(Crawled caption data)
[Start of Attachment]
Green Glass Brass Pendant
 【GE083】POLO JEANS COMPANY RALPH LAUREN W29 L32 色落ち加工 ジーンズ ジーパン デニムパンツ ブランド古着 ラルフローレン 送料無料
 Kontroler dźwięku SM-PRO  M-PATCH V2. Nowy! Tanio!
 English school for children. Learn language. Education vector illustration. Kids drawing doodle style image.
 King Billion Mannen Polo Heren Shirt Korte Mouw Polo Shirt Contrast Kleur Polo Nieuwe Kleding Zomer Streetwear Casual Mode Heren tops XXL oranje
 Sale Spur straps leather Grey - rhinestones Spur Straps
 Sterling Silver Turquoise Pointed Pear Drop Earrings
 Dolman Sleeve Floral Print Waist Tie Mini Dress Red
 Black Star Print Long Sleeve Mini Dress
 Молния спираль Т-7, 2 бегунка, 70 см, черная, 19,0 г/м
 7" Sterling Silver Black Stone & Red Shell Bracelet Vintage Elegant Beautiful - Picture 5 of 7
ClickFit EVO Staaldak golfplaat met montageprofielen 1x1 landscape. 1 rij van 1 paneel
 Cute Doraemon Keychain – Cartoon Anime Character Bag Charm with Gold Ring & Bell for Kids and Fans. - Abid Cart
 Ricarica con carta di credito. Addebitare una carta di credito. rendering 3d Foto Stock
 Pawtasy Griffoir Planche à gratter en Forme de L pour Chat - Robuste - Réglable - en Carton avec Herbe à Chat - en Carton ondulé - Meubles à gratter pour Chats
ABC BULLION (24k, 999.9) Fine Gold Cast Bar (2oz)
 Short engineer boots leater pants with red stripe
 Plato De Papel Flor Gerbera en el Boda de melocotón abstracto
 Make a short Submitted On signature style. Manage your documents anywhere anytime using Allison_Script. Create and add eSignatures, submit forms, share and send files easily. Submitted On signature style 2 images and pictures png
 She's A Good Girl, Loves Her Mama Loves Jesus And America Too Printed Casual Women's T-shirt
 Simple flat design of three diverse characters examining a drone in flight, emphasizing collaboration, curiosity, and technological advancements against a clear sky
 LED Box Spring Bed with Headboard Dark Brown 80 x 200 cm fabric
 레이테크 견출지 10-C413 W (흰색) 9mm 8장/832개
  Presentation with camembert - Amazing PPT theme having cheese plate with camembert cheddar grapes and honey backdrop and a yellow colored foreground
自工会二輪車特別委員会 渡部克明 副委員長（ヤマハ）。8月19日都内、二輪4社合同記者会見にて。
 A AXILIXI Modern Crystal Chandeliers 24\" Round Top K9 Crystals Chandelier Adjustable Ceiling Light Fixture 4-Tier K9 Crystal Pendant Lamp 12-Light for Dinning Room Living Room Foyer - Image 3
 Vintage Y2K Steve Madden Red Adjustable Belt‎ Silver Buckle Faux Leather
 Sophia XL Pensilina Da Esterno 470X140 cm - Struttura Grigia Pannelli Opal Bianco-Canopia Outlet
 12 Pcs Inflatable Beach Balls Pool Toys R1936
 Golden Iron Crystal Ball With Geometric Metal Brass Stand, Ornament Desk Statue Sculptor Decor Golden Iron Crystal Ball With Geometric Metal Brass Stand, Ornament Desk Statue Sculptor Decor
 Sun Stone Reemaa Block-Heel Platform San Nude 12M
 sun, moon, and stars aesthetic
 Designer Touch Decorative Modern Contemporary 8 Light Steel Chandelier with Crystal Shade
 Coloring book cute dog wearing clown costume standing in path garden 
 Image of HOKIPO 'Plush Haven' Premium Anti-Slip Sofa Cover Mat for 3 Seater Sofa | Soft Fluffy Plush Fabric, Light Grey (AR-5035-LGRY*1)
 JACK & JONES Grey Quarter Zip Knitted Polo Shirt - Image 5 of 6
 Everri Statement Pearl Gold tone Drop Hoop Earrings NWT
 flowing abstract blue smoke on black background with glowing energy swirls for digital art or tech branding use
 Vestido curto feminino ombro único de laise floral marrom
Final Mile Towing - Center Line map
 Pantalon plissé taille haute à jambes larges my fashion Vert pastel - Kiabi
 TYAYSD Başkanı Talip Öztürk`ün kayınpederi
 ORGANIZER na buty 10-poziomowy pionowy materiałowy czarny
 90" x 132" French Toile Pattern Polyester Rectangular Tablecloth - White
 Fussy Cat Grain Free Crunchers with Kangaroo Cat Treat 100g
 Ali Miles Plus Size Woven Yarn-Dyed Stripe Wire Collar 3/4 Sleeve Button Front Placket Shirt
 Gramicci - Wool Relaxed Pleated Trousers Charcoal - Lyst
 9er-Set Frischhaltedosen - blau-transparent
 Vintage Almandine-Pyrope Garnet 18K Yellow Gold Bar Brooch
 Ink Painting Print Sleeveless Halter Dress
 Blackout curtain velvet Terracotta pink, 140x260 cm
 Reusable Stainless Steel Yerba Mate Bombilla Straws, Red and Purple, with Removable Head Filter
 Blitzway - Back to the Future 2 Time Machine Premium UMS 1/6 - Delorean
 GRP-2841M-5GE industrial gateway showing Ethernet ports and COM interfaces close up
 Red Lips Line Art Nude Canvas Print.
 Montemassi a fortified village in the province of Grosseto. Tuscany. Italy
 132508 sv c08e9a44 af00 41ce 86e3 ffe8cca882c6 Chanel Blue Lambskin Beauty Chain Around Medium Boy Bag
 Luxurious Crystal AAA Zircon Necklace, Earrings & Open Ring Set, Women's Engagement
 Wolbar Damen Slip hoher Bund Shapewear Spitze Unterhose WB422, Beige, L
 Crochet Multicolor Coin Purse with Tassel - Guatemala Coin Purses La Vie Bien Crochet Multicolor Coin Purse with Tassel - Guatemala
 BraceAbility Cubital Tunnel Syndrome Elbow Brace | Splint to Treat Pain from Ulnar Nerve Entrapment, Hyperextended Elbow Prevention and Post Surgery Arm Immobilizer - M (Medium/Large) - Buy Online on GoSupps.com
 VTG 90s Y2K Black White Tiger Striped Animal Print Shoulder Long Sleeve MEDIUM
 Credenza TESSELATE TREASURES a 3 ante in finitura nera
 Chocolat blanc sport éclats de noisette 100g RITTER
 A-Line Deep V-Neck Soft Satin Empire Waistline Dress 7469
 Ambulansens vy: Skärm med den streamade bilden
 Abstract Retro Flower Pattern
[End of Attachment]
* Brief: Only the lines above from the one with "Everri Statement Pearl" up to and including the one with "Fussy Cat Grain" should be repeated, exactly as written.

* Final answer:
 Everri Statement Pearl Gold tone Drop Hoop Earrings NWT
 flowing abstract blue smoke on black background with glowing energy swirls for digital art or tech branding use
 Vestido curto feminino ombro único de laise floral marrom
Final Mile Towing - Center Line map
 Pantalon plissé taille haute à jambes larges my fashion Vert pastel - Kiabi
 TYAYSD Başkanı Talip Öztürk`ün kayınpederi
 ORGANIZER na buty 10-poziomowy pionowy materiałowy czarny
 90" x 132" French Toile Pattern Polyester Rectangular Tablecloth - White
 Fussy Cat Grain Free Crunchers with Kangaroo Cat Treat 100g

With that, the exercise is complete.